How to add the glyconutrients naturally into your diet:

  • Eat as much of the fruits and vegetables listed above. Ideally your fresh produce should be organic.
  • Use Fenugreek in stir-fries and curries in winter.
  • Use wakame in salads, stir fries, sushi, and get creative with this versatile weed.
  • Psyllium husk is also good roughage or fibre for sweeping out the colon. A teaspoon with water in the mornings on an empty stomach helps to avoid constipation.
  • A smoothie of low fat and sugar free yoghurt with whey protein also gives you great energy for the day as is well known by body builders. Here you can also add medicinal mushroom powder into your smoothie and a handful of berries.
  • Lecithin has been noted to increase absorption of nutrients. Add a tablespoon to your smoothie.
  • Dried or fresh mushrooms lightly chopped into a stir fry.
  • A shot glass of Aloe drink in the mornings will be enormously helpful for indigestion, constipation and ulcers.
  • Use Xylitol instead of sugar.
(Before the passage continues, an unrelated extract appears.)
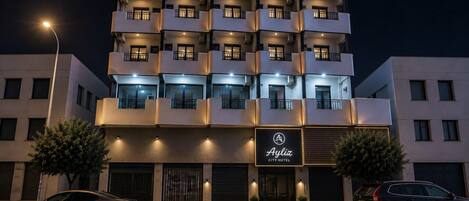 A multi-story hotel with balconies, a sign reading 'Ayliz City Hotel,' and two cars parked in front.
It is anti-bacterial and anti-fungal and kinder to the teeth.
  • There are some wonderful herbal teas that contain liquorice and Echinacea. Drink two or three cups a day. Echinacea is a powerful immune system booster.
  • Here is a glyconutrient recipe you can try.

Of course, to get the required amount of natural glyconutreints available naturally from foodstuffs into your diet, you will need to not only source, but consume vast quantities, so unfortunately you might be left with no alternative but to purchase commercially available glyconutrients to supplement your normal intake.